KEY POINTS:
The length of the United States separates Fifth Ave in New York from the leafy avenues of San Antonio in Texas, but both have a gallery that incorporates a collection of fine art within the great house of the collector who donated it to the city. In New York it is the Frick Collection; in San Antonio, the McNay Art Museum.
A gallery in a great house is very special. There are a number of such collections matched to their owners' houses, usually with a more intimate atmosphere than the big museums. Examples are the Wallace Collection in Manchester House and the Iveagh Bequest in Kenwood House in London, Pollack House in Glasgow and the Jacquemart-Andre Museum in Paris.
The Frick Collection of Fifth Ave has good claim to be the most splendid of all.
The collection in New York was founded by Henry Clay Frick who made an immense fortune from steel and bequeathed his house and most of his artwork to become a public gallery. It is only a step from the huge Metropolitan Museum of Art but, for many people, the size of the collection is more manageable. In some areas the masterpieces are comparable, notably the grand Rembrandt self-portrait that dominates the largest room, though it is a space filled with masterpieces by outstanding painters from many eras.
There is also a link with the wonderful Wallace Collection in Manchester Square in London just off Oxford St. Both collections have a number of works by the delightfully decorative 18th century Rococo painter Francis Boucher, who set the pattern for pretty shepherds and shepherdesses pretending to herd sheep that are still with us today in porcelain figurines.
At the Frick, the paintings are splendidly hung in the galleries arranged around a lovely, carefully maintained interior garden.#The collection ranges from early Italian through the Renaissance to the 19th century. Typical of the way it is excellently displayed is the positioning of an extremely rare painting of St John the Evangelist by Piero della Francesca at the end of a long vista through the West Gallery.
As you move from the entrance hall with its posthumous sculptured portrait of Henry Frick, each room offers masterpieces from different periods. There is another rare work - this time by Jan van Eyck, the early Flemish painter who was one of the first artists to use oil paint.
His Virgin and Child is notable for the tiny detail and glowing colour made possible by the medium. The South Hall offers two paintings by Vermeer. There are only about 30 paintings by this great Dutch artist and the Frick Collection has three. One of them, showing a maid delivering a letter to her mistress, was the last painting bought by Frick in 1919, the year of his death.

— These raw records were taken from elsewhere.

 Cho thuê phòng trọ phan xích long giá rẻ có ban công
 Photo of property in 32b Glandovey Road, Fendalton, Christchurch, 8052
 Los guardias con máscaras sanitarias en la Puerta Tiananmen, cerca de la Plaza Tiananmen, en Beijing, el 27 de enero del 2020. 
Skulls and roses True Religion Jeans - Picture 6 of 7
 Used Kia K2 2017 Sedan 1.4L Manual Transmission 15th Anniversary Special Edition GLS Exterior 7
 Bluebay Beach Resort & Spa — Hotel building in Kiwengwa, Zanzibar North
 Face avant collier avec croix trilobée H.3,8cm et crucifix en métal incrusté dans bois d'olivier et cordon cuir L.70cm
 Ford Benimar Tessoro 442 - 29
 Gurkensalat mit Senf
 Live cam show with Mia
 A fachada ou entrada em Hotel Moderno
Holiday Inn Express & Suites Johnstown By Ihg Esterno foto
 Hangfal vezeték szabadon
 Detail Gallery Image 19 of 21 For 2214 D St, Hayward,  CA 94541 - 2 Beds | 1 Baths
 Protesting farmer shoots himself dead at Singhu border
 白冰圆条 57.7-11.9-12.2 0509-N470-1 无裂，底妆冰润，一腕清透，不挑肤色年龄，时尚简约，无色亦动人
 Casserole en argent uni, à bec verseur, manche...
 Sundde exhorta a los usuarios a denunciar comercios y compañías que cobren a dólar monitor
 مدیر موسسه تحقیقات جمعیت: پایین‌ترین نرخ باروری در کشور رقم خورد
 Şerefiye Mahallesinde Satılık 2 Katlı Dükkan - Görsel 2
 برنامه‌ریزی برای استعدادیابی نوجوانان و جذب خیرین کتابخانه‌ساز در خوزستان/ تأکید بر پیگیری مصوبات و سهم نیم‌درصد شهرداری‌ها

Another painting that was a favourite of his was the famous portrait of Sir Thomas More by Holbein.
It is in the vast Living Hall in the centre of the house along with a broadly painted, vivid painting by El Greco and a superb portrait by Titian of his friend, the scurrilous poet Pietro Aretino who wrote extremely pornographic verse about his enemies.
The same room contains the loveliest painting in the whole collection by Giovanni Bellini which shows St Francis in the wilderness.#The face of the saint shows great character and the landscape around him is filled with light and details that indicate his love of all living things.
The West Gallery offers many wonderful things including paintings by Van Dyke, Frans Hals, John Constable, Turner and three great paintings by Rembrandt including one of the most majestic of his 60 self-portraits done at the height of his powers and influence.
Oil wealth contributed to the great house in San Antonio. It is called the Marian Koogler McNay Art Museum and the appealing collection it houses is smaller and more modern than the work in the Frick, but equally select.
The magnificent house, also with a lovely interior garden, is Spanish-Mexican in style. It is surrounded by a splendid park with delightful wooded paths. For Aucklanders, there is an immediate link because, as with the Auckland Art Gallery, the front is graced with a kinetic sculpture by George Rickey that is moved by the wind. The work in San Antonio is called Horizontal Columns of Five Squares Eccentric II.
The house and much of its collection were gifted to the city by Marion Koogler McNay. She was an oil heiress, married four times, a gifted painter and a collector with a fine eye. Because she moved in artistic circles, she was acquainted with the advanced movements of the early 20th century and was brave enough to collect work that was revolutionary at the time.
The house, with its spectacular facade, interior open arcades and central pool would make a fascinating tour in itself but when you encounter an elegant Modigliani of A Girl with Blue Eyes or a deeply meditated late Cezanne of a river landscape, or a magnificent early Picasso, or an unusual, utterly charming Symbolist work by Odilon Redon, you know the collection and the building offer a special experience.
One of the most telling works is a self-portrait by Gauguin. The energy of the hook-nosed painter comes through not only in his face and glance but also in the way his profile is integrated in the compositional scheme.
The building also has a magnificent library and sculpture court and makes a point of emphasising its Latin American links. San Antonio has a fine Museum of Art and this beautiful gallery is an impressive adjunct to it in the same way the Frick complements the Metropolitan.